[email protected]

07967 739393

Llandudno, North Wales

How To Conduct an Effective Website Audit

16th June 2017 Simon Steed

Before you embark on any online marketing, it is vital to ensure your site website meets certain requirements. Otherwise it’s likely that much of the marketing benefit is wasted and you won’t get the results you need. In order to avoid wasting your marketing budget, you need to make sure your website is in a fit enough shape to begin this exercise.

So without further ado, here is a checklist you need to consider when carrying out an SEO website audit:

Meta Descriptions

These are the meta tags within the head of your websites code which guide search engines to understand the topics the page discusses. Typically, most search engines will supply this text along with a link to your website in the search results. For many potential visitors, this text may be their first glimpse of your website, which is why it’s key to get these right!

Page Content

Ideally the text within your pages should use phrases you would like to rank for – but not all will be equal. Headings will have more influence than the rest of the text. By ensuring the ideal keyword density (around 3-5% for important phrases) you can expect to get better rankings in search engines.

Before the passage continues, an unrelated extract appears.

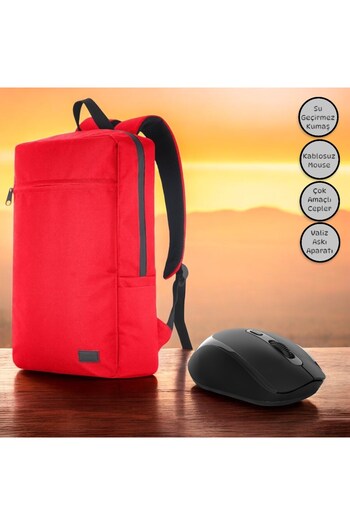 Mila Mila Pr-Ek102 15.6' Waterproof Fabric - Zippered Notebook Backpack and Wireless Mouse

There is no need to highlight that content should be unique and shouldn’t be repeated neither on other websites nor on the pages of the same website.

Duplicate URLs

Each page on your website should have a single URL. If there are several URLs for one and the same page, for example /article/ and /blog/article, than the crawler can treat it as having duplicate content and lower the position of both pages.

There are several approaches to the problem. The first one would be to avoid indexing one of those pages. This can be done with the help of robots.txt or using a nofollow tag in the header.

Another way to solve the problem is to use rel=”canonical” with a link to the page you need. In such a way search engines will know which page is the primary resource and will index it.

Site Speed and Page Load Speed

The speed of your website is a very important factor. Google and other search engines care about user convenience and thus, lower the position of slow websites. Moreover, users won’t wait for too long.
It has been estimated that if it takes more than 5 seconds for a page to load, most users will close it before its content will show up.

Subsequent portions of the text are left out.